Hypothyroidism - The Slow Burn
-
Etiology:
- Hashimoto's Thyroiditis: Most common cause in iodine-sufficient regions; autoimmune destruction (Anti-TPO, Anti-Tg Abs).
- Iatrogenic: Post-thyroidectomy, radioiodine therapy, or external radiation.
- Drug-Induced: Amiodarone, lithium, checkpoint inhibitors.
- Iodine Deficiency: Most common cause worldwide.
-
Clinical Features: Generalized slowing of metabolism.
- Systemic: Fatigue, weight gain, cold intolerance, constipation, ↓ DTRs.
- Derm: Myxedema (non-pitting), dry/coarse skin, hair loss.
- Cardiac: Bradycardia, ↓ cardiac output.
-
Diagnosis:
- Screen: ↑ TSH is the most sensitive marker.
- Confirm: ↓ Free T4.

⭐ Myxedema Coma: A life-threatening state of severe hypothyroidism. Presents with altered mental status, hypothermia, bradycardia, and hypotension. Often precipitated by infection, cold exposure, or sedatives.
Hyperthyroidism - Full Throttle
- Pathophysiology: ↑ synthesis & secretion of thyroid hormone (T4/T3).
- Etiologies:
- Graves' Disease: Most common. Autoimmune (Type II HSR) with TSH receptor-stimulating antibodies (TSI).
- Toxic Multinodular Goiter: Multiple autonomous nodules.
- Toxic Adenoma: Single autonomous nodule.

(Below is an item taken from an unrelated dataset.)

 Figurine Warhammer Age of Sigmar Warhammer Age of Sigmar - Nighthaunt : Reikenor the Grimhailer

- Thyroiditis: Transient release of preformed hormone (e.g., subacute de Quervain's).
- Clinical: Weight loss, heat intolerance, palpitations (AFib risk), anxiety, fine tremor, hyperreflexia, warm/moist skin, lid lag.
- Graves' Triad: Hyperthyroidism, ophthalmopathy (exophthalmos), pretibial myxedema.

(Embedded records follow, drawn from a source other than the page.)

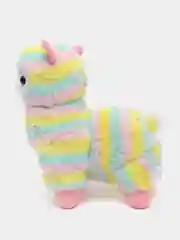 Мягкая игрушка Радужная Лама/Альпака, 25 см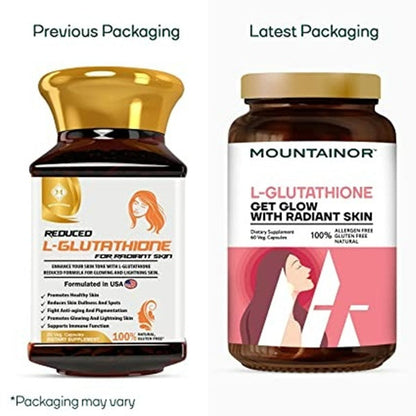 Mountainor L Glutathione Capsules for Healthy & Radiant Skin Capsules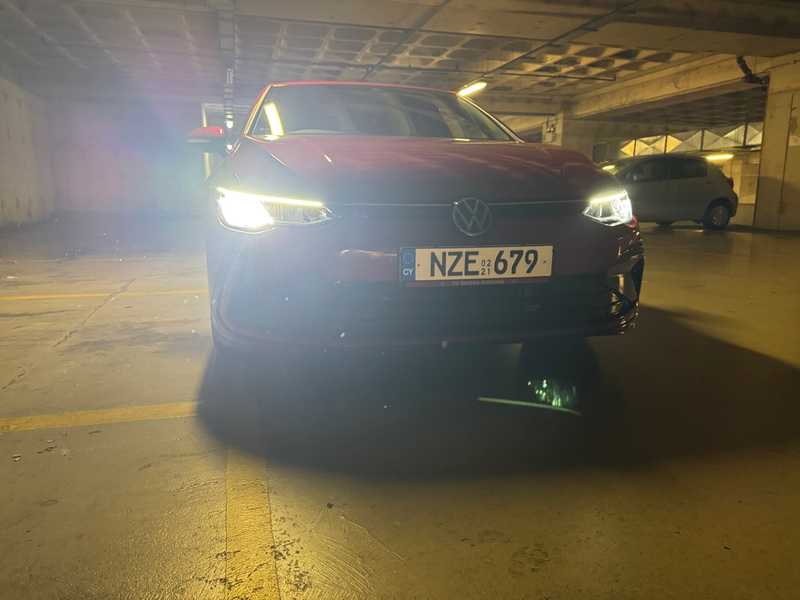 2021 Volkswagen Golf 1,5L 2021 Cyprus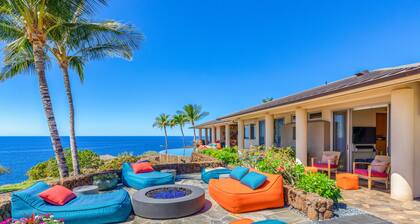 Oceanfront Luxury Living w/ Private Pool and Spa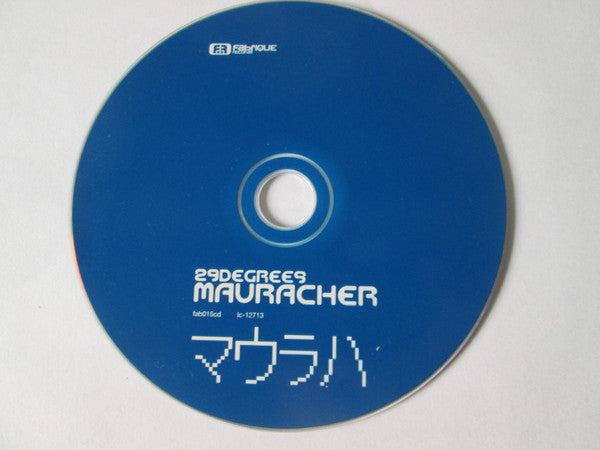 Mauracher : 29Degrees (CD, Promo)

- Diagnosis: ↓ TSH, ↑ free T4/T3. Radioactive Iodine Uptake (RAIU) scan differentiates.
⭐ Thyroid Storm: A life-threatening thyrotoxicosis, often precipitated by stress (infection, surgery). Presents with fever, agitation, delirium, tachycardia, and arrhythmia. Requires urgent management with β-blockers, PTU, and steroids.

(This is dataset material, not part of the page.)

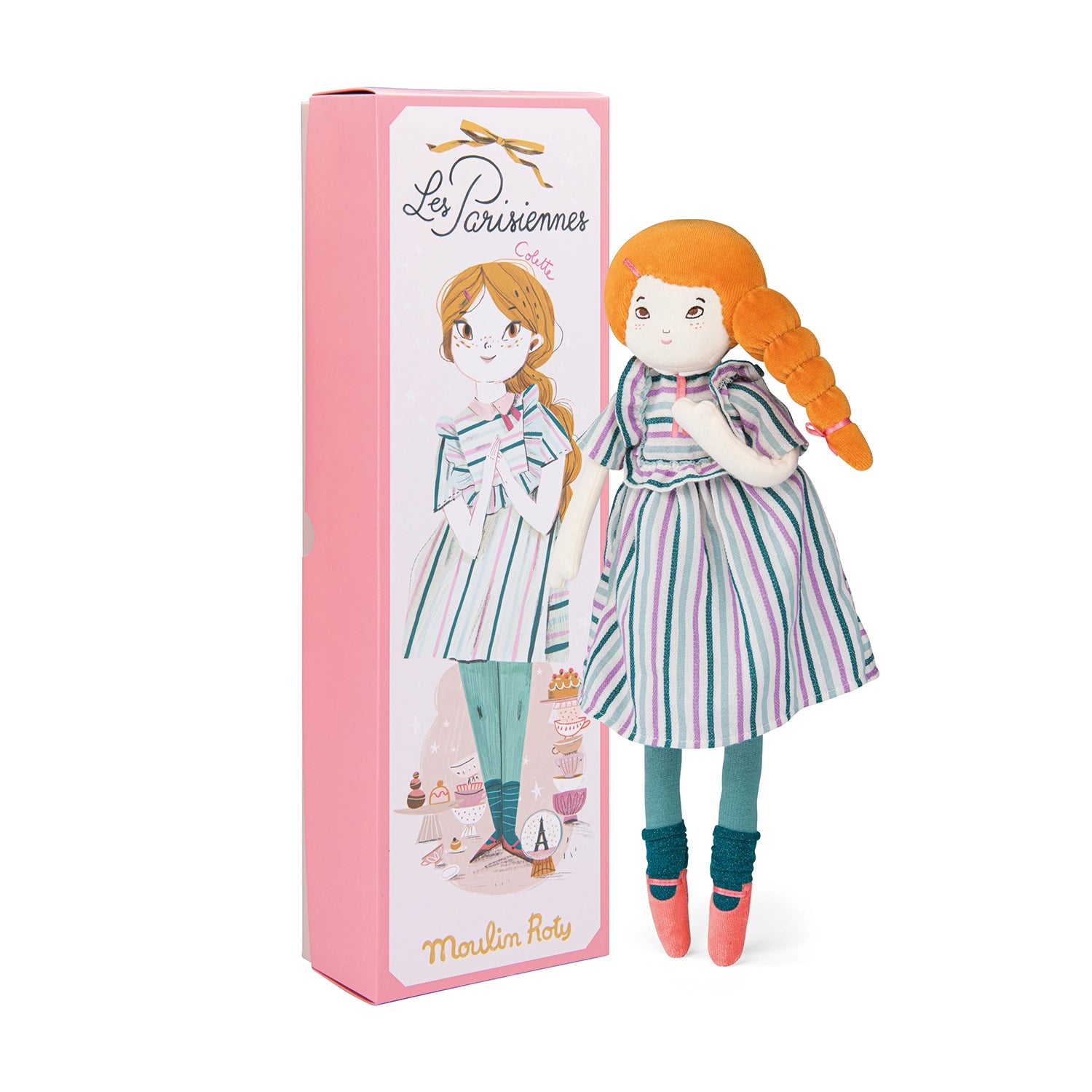 Collete the Parisiennes (Large) - Doll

Thyroiditis & Emergencies - Code Red
- Thyroiditis Types
| Type | Key Feature / Histo | Pain? |
|---|---|---|
| Subacute (de Quervain) | Post-viral; granulomatous inflammation, giant cells | YES |
| Hashimoto's | Autoimmune (Anti-TPO, anti-Tg); Hürthle cells | NO |
| Riedel's | IgG4-related; rock-hard, fixed, fibrotic thyroid | NO |
- Thyroid Storm (Thyrotoxic Crisis): Life-threatening hyperthyroidism (fever, delirium, tachycardia).
⭐ Thyroid Storm Tx Sequence: Always give Propylthiouracil (PTU) or Methimazole before iodine. Giving iodine first can transiently ↑ hormone synthesis (Jod-Basedow effect), worsening the storm.
- Myxedema Coma: Severe hypothyroidism → ↓ mental status, hypothermia, hypotension.
High‑Yield Points - ⚡ Biggest Takeaways
- Graves' disease is the most common cause of hyperthyroidism, driven by TSI antibodies, causing exophthalmos and pretibial myxedema.
- Hashimoto's thyroiditis, the most common cause of hypothyroidism, features anti-TPO antibodies and carries a risk of B-cell lymphoma.
- Subacute (de Quervain's) thyroiditis is a painful gland, typically following a viral URI.
- Thyroid storm and myxedema coma are life-threatening emergencies of hyper- and hypothyroidism, respectively.
- Riedel's thyroiditis presents as a rock-hard, painless goiter.